§ Your goal: When you reach the line containing "Invisible-Set Diamond Engagement" in the records below, start copying exactly, and stop once you have copied the line containing "罐頭豬 LuLu豬 雙耳碗".

§ Given records:

○ ○ ○

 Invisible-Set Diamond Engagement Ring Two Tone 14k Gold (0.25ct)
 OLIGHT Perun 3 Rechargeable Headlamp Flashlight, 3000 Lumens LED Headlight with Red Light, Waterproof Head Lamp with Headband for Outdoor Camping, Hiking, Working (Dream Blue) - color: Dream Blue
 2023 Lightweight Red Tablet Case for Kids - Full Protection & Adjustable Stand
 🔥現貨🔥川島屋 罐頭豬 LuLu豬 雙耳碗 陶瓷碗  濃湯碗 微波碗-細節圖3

○ ○ ○

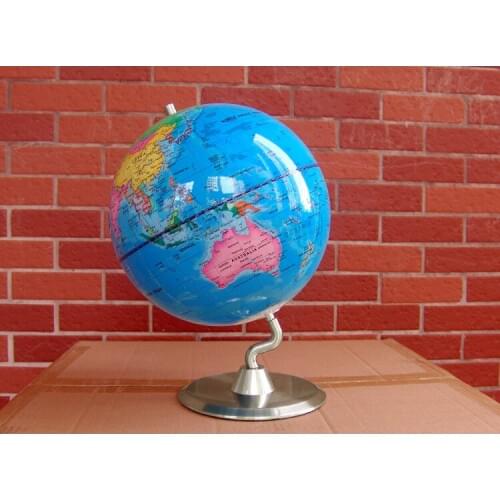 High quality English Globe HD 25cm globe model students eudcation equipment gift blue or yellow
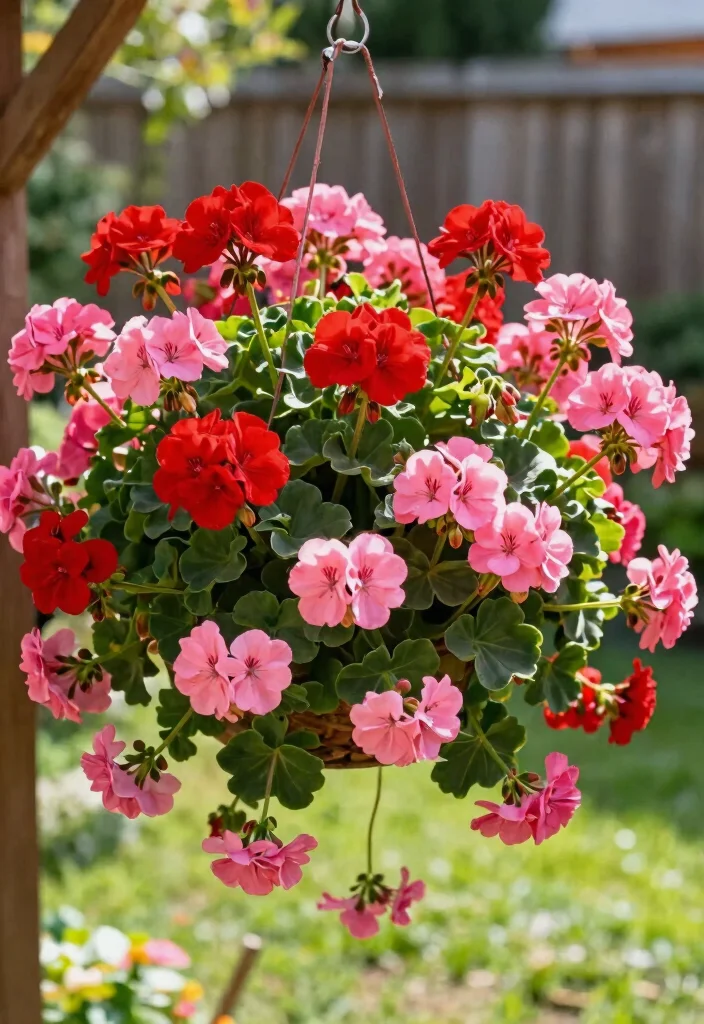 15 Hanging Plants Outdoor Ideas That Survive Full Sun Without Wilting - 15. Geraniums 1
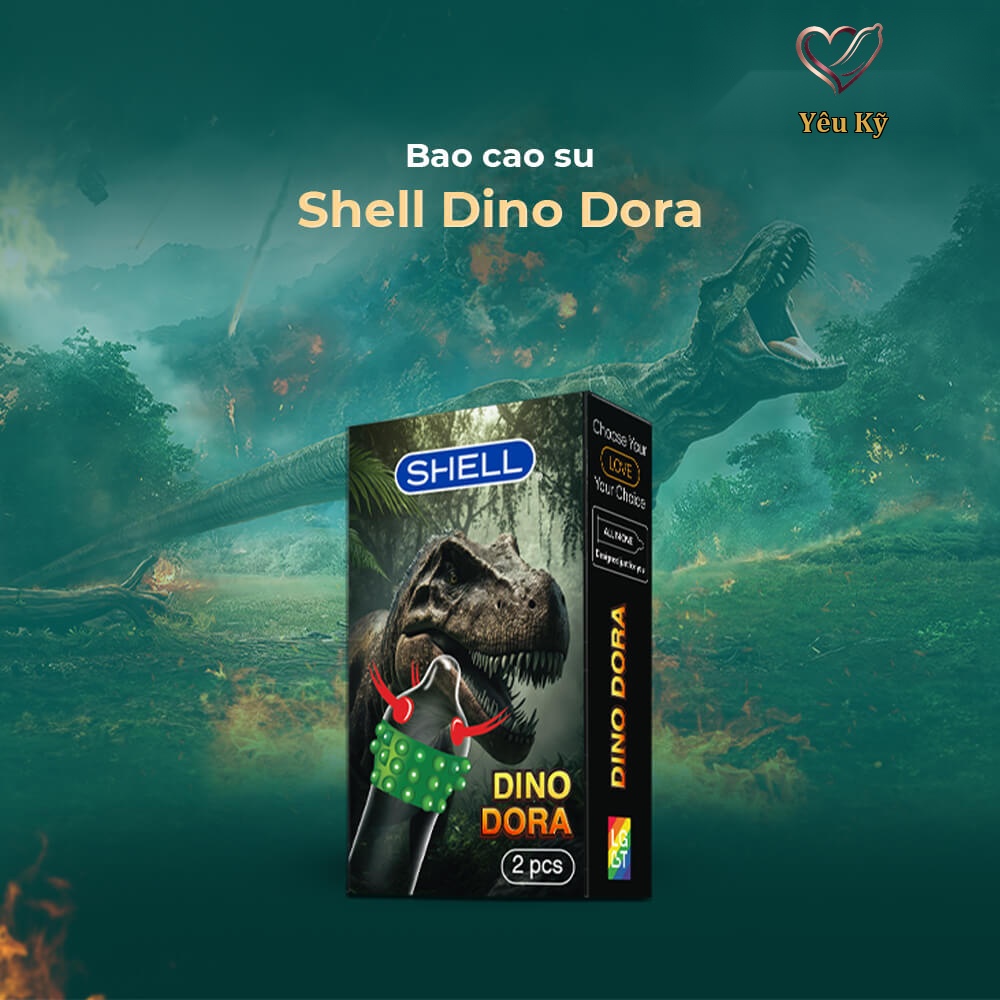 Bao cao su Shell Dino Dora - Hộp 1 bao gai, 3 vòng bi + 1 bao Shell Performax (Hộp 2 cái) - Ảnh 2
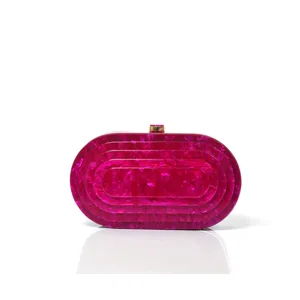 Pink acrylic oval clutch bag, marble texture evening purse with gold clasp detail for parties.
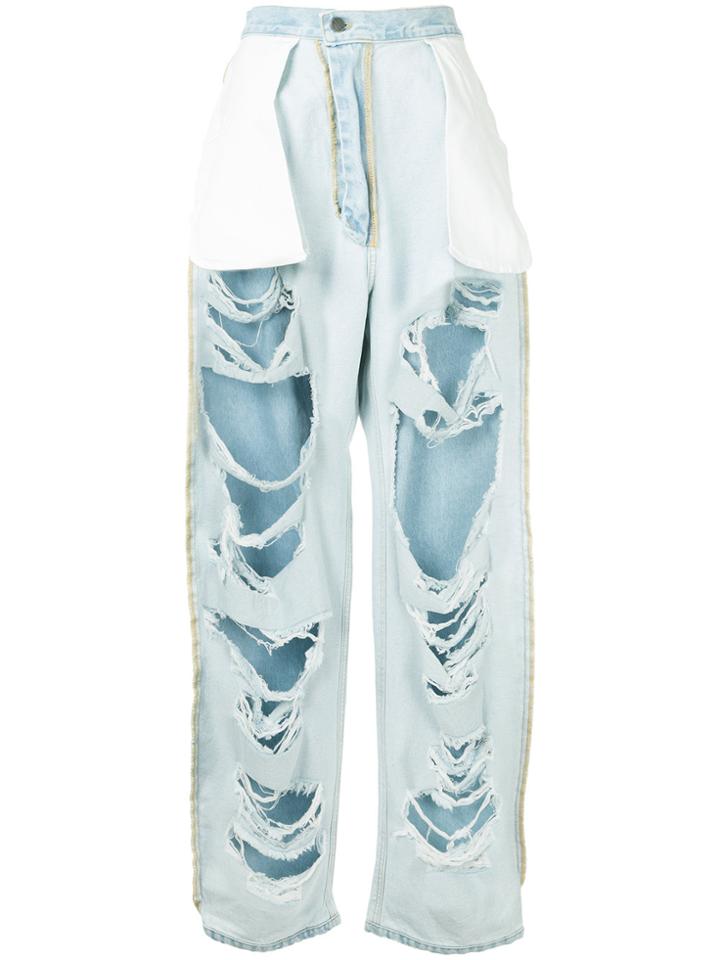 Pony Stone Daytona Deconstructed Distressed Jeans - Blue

○ ○ ○

§ Response area:
 Invisible-Set Diamond Engagement Ring Two Tone 14k Gold (0.25ct)
 OLIGHT Perun 3 Rechargeable Headlamp Flashlight, 3000 Lumens LED Headlight with Red Light, Waterproof Head Lamp with Headband for Outdoor Camping, Hiking, Working (Dream Blue) - color: Dream Blue
 2023 Lightweight Red Tablet Case for Kids - Full Protection & Adjustable Stand
 🔥現貨🔥川島屋 罐頭豬 LuLu豬 雙耳碗 陶瓷碗  濃湯碗 微波碗-細節圖3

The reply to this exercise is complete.